[PATCH 0/1] [Hardy] SRU: Disable 4MB page tables for Atom, work around errata AAE44

Sun Feb 21 16:55:31 UTC 2010

On Sat, 2010-02-20 at 17:21 +0100, Stefan Bader wrote:
> Andy Whitcroft wrote:
> > On Fri, Feb 19, 2010 at 03:16:34PM +0000, Colin King wrote:
> >> From: Colin Ian King <colin.king at canonical.com>
> >>
> >> BugLink: https://bugs.launchpad.net/bugs/523112
> >>
> >> SRU Justification:
> >>
> >> Impact: Without this patch Intel(R) Atom (TM) CPUs can sometimes
> >> seemingly randomly get oopses on legitimate executable pages.
> >> This only occurs when splitting large 4MB pages into 4MB pages
> >> so this patch disables 4MB pages for this class of processor.
> >>
> >> Fix: Detect processor type 0x1C and disable 4MB pages.
> > 
> > Do we understand why this is not exhibiting on later kernels, ie. why is
> > this patch only required on Hardy?
> > 
> > -apw
> > 
> 
> Not me, frankly. There has been more locking and safeguarding against other
> threads in the rewritten mm code. So it is well possible that this works around
> the problem in a way I don't understand.
> 
> -Stefan
> 
There have been some extra patches to reduce the impact of this bug.
First just to remind us about AAE44: 

"if a code fetch uses this PDE before the TLB entry for the large page
is invalidated then it may fetch from a different physical address than
specified by either the old large page translation or the new 4-KByte
page translation."

Unfortunately, one if the upstream fixes is racy - on the Atom a
hyperthread may be executing while the PDE is being updated.  One fix
that's not in Hardy is to do the update and then a flush, but there is
still a small time window between these two operations where this bug
may hit the code being executed by the hyperthread.
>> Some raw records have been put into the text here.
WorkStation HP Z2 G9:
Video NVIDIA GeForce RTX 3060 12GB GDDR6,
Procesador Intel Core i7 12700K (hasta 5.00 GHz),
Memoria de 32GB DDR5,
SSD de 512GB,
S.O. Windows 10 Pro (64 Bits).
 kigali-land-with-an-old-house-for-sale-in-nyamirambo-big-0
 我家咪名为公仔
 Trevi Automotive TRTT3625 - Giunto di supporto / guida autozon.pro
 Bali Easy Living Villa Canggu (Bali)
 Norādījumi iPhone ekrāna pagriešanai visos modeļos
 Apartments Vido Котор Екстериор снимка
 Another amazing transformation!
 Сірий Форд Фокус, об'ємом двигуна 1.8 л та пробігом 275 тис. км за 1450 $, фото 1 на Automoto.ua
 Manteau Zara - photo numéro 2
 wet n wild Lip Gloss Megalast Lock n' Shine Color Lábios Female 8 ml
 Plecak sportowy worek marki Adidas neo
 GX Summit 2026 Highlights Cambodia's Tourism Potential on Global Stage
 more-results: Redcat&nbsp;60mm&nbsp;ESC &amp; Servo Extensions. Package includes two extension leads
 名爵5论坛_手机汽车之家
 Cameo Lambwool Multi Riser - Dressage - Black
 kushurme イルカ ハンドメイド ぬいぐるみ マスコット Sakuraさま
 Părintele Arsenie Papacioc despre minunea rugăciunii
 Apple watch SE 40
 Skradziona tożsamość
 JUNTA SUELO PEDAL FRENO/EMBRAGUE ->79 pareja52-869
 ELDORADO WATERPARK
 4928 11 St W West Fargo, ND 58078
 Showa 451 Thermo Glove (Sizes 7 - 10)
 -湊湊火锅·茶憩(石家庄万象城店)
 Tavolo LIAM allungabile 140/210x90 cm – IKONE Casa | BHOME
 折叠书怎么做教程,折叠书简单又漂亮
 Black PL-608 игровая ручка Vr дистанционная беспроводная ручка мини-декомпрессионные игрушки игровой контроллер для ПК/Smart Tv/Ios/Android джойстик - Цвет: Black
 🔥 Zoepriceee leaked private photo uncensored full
Hence the upstream
fixes are not 100% full proof.

So, the upstream fixes reduce the likelihood of the oopses caused by
this bug but don't fully remove them. In the cases I've worked on, we
have scenarios that either trip the bug on boot (stefan's netbook) or
occasionally oops when constantly exercising the mm subsystem doing page
splits for days on end.

One other thing to consider is that probably newer machines have
microcode fixes from the BIOS which may be a reason why this a widely
observed issue.